With a hefty gross vehicle mass (GVM) rating of seven tonnes on a long 4100 mm wheelbase, this version of the highly successful Daily is available in cavernous load capacities of 16, 18 and 19.6 cubic metres.

With such spacious load volumes, Iveco is in no doubt the latest Daily represents a viable alternative to pantech-bodied light trucks.

The new Euro 6 Daily van occupies a unique position in the market and according to Marco Quaranta, "… is the only van available in the Australian market with a seven tonnes GVM and provides up to 4 tonnes of payload.

"In terms of carrying capacity, it is a potentially more affordable alternative to a light truck cab/chassis (and) also provides advantages such as superior safety features, more comfortable driving, and lower fuel use thanks to superior aerodynamics and more sophisticated engine technologies, while still providing the strength of a full C-section chassis."

Additionally, he says a walk-through option also makes this van model suitable for recreational applications such as motorhomes.

Under the snout is a revised 3.0 litre turbo diesel four cylinder engine producing  180 hp and 430 Nm of torque; increases of 10 hp and 30 Nm respectively over the current equivalent model.

Equipped with a 25 litre AdBlue tank, Iveco estimates the vehicle will consume around three litres of AdBlue for every 100 litres of diesel, meaning AdBlue will only need to be topped up every seven or eight tanks of diesel.

However, aware that many van users may not be familiar with SCR and AdBlue requirements, Iveco emphasises that if the AdBlue tank falls to less than 5 per cent capacity, engine torque will be reduced by 25 per cent. Worse, if the AdBlue tank is allowed to run dry, the vehicle will be limited to a maximum speed of 20 kilometres per hour.

Back on the driveline, transmission choices are a six-speed synchromesh double overdrive manual, or Iveco’s slick eight-speed full automatic.

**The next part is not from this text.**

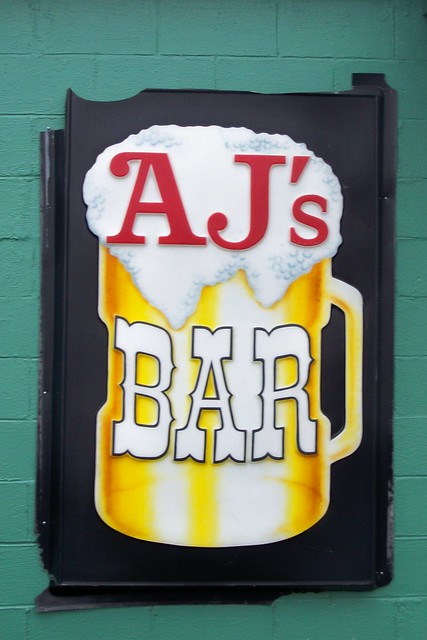 AJ's Bars sign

Additionally, safety is further enhanced with an optional lane departure warning system while Iveco also points out the new van contains some of the noise reduction and aesthetic upgrades which will be introduced to the broader Daily van and cab/chassis range later this year.   

Maintaining the momentum, the versatile Daily is also the platform for an impressive minibus range also due later this year, comprising three models with seating capacity for 11 passengers plus driver or 16 passengers plus driver.

All models are powered by Iveco’s Euro 6 four cylinder ‘Unijet’ common rail engine delivering 170 hp (125 kW) and 400 Nm of torque through the same eight-speed fully automatic transmission used in the new high volume van.

However, Iveco says a slightly more powerful Euro 6 engine is on the cards, again later this year.

Smallest of the three models is the 11-seat (plus driver) ‘Shuttle 12’, a unit with a GVM of 4.5 tonnes built on a 3520 mm wheelbase and with what Iveco calls the H2 roof providing standing height of 1820 mm.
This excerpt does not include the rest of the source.